Allergic skin reactions are also associated with PG2 and leukotrienes. Even more significant is that the conditions eczema and psoriasis are associated with excess leukotrienes. (You may recall from Chapter 5 that psoriasis is typically a dysaerobic condition.)

Finally, it has been shown that bone reabsorption at any age, and particularly osteoporosis, is associated with PG2, as is periodontal inflammation and rheumatoid arthritis.

Eicosapentaenoic acid (EPA) is a twenty carbon, five double bond, omega-3 fatty acid (20:5 n-3) which blocks endogenous arachidonic acid production. An insufficiency of EPA can contribute to excess PG2. The food source for EPA is fish oils. Endogenous EPA production can be blocked by dietary intake of trans fatty acids. Trans fatty acids are the result of processing natural fatty acids at high temperatures so that the normal cis isomer of the fatty acid is converted into the trans isomer, which is an unnatural fatty acid with no productive use in biological processes. Food sources of trans fatty acids include: hydrogenated fats such as margarine, and fats cooked under high temperature such as commercially processed vegetable oils, and fried foods. The relationship between EPA and arachidonic acid can also be upset by excess consumption of alcohol. It should also be pointed out that EPA activity requires small amounts of zinc and of vitamin B6.
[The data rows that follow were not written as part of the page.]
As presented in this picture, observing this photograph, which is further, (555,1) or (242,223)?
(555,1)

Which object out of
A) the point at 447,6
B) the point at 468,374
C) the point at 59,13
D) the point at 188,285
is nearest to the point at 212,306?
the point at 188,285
Clinically managing an excess in PG2 involves maintaining a high level of EPA compared to arachidonic acid. One need not ingest fish oil as a source of EPA. More than enough EPA is produced endogenously in a person who is metabolically balanced and consuming the NUTRI-SPEC Fundamental Diet.
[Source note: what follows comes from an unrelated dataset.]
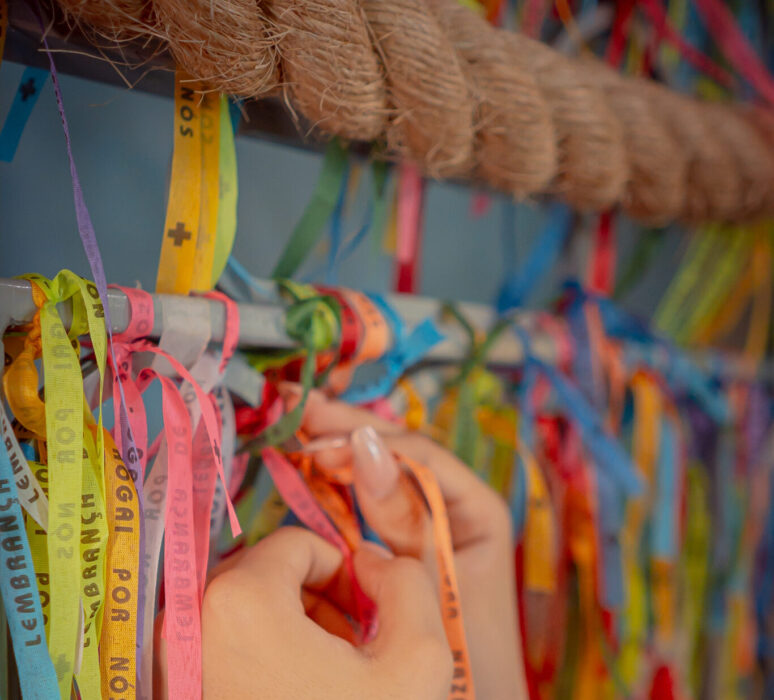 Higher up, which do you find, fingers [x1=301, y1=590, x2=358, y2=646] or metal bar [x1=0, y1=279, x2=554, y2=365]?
metal bar [x1=0, y1=279, x2=554, y2=365]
We experimented for many years with EPA supplementation. We have long since abandoned it as ineffective and unjustifiably expensive. To obtain any relief of prostaglandin-associated symptoms with EPA required fairly large (and expensive) doses. Furthermore, the symptomatic response faded very quickly. The key to maintaining normal EPA levels is to support endogenous
EPA production. And the way to do that is simply to maintain metabolic balance.

Insufficient PG1

A prostaglandin imbalance may involve an insufficiency of PG1 with respect to PG2. The precursor to PG1 is the fatty acid gamma linolenic acid (GLA) (18:3 n-6). The precursor to endogenous production of GLA is the fatty acid linolenic acid (18:2n-6).

The PG1 family of prostaglandins has many beneficial effects. Many of those beneficial effects counter the damaging effects of PG2. That is why we have talked in terms of maintaining an ideal ratio of PG1 to PG2.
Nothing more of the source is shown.